Dificuldades colocadas em tarefas educativas: na dose certa podem ser um desafio
que estimule a superação; em excesso podem levar ao desânimo em superá-las.
Medo: na dose certa
protege; em excesso acovarda.
Riso: na dose certa colore a vida; em excesso, pode ser
maléfico. Como diz Frejat em uma conhecida canção intitulada Amor pra recomeçar, "rir é bom, mas
rir de tudo é desespero". E desespero é algo maléfico.

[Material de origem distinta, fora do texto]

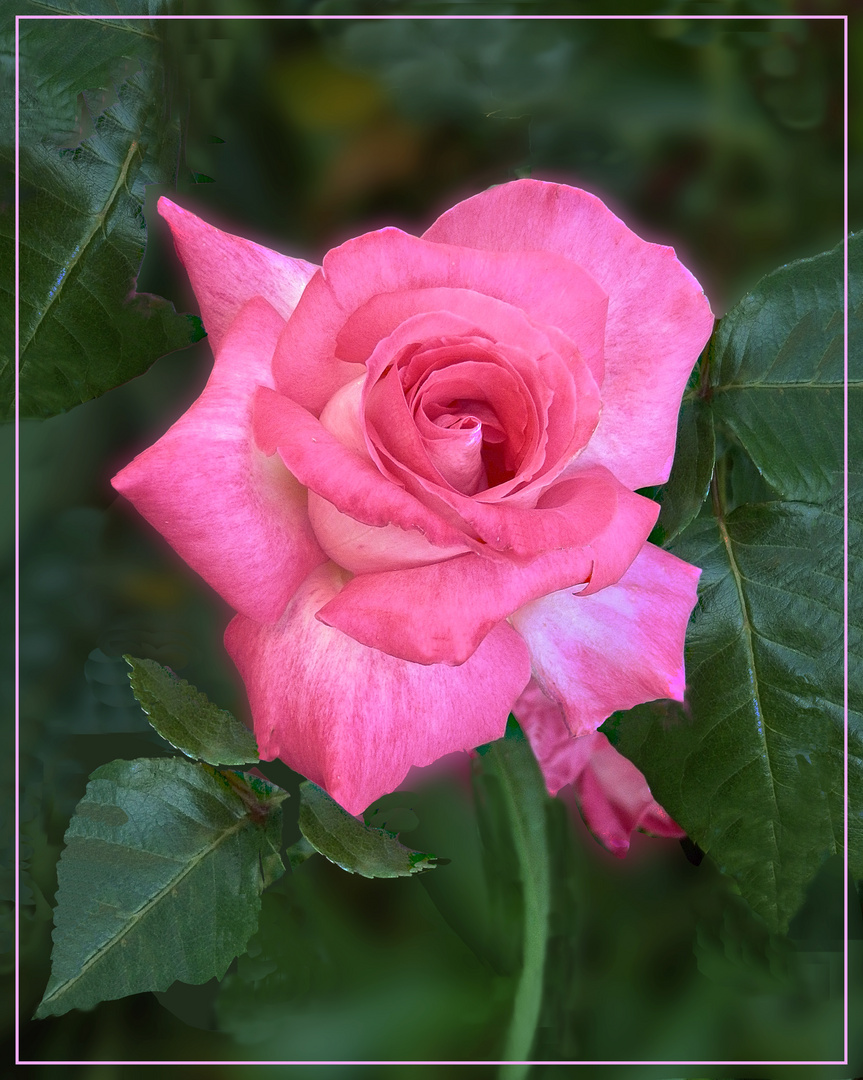 Rosa  Geschenk der Natur.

Tecnologia: na dose certa, é
benéfica, pois pode facilitar bastante a vida; em excesso, é algo maléfico. Questionada
sobre tecnologia, em um episódio do programa Bem Juntinhos, apresentado no GNT, a psicanalista Vera Iaconelli disse
o seguinte: "A gente tem que lembrar que esses aparelhos não foram feitos
para a bem da humanidade, eles foram feitos para vender. O celular nada mais é
do que um grande Shopping Center onde você está sempre consumindo algo. E eles
afetam o cérebro, eles têm uma coisa viciante nisso. Capturam a gente numa
fantasia de que tem sempre alguém vivendo uma vida magnífica, fazendo coisas maravilhosas,
eu estou aqui na minha vidinha de todo dia."
Em uma
reportagem de Fernando Scheller intitulada "O
desafio da tecnologia é ser útil", publicada na edição de 22 de junho
de 2016 do jornal O Estado de S. Paulo, é atribuída à antropóloga
digital Amber Case a seguinte afirmação: "A
quantidade ideal de tecnologia na vida de uma pessoa é a mínima
necessária." No meu entender, em relação à tecnologia, Amber Case definiu
qual é a dose certa: "É a mínima necessária". A postagem publicada em 23 de agosto de 2016 no
blog Lendo e opinando reproduz a referida reportagem.
Tolerância: na dose certa é
algo benéfico, pois sem tolerância é simplesmente impossível a convivência
entre esses complicados seres da autodenominada espécie inteligente do universo;
em excesso leva-nos a tolerar coisas simplesmente intoleráveis, pois como disse
Albert Einstein, "Existem
apenas duas coisas infinitas - o universo e a estupidez humana. E não tenho
tanta certeza quanto ao universo." Ou seja, tolerância é algo que tem
limite.
Tristeza: em excesso pode
ser acachapante e impedir de se levar a vida; na dose certa é algo benéfico. Segundo
a psicanalista Vera Iaconelli, a tristeza é humana, faz parte da vida, sem
tristeza não há vida. Vivemos numa tirania da felicidade que impede o uso
correto da tristeza.
Tamanho
de postagens e intervalo de tempo entre elas: na dose certa pode
estimular os leitores a continuarem a visitar o blog; na dose errada pode
levá-los a deixarem de visitá-lo. Dito isto, fico por aqui nesta postagem,
pensando em publicar uma nova na próxima semana.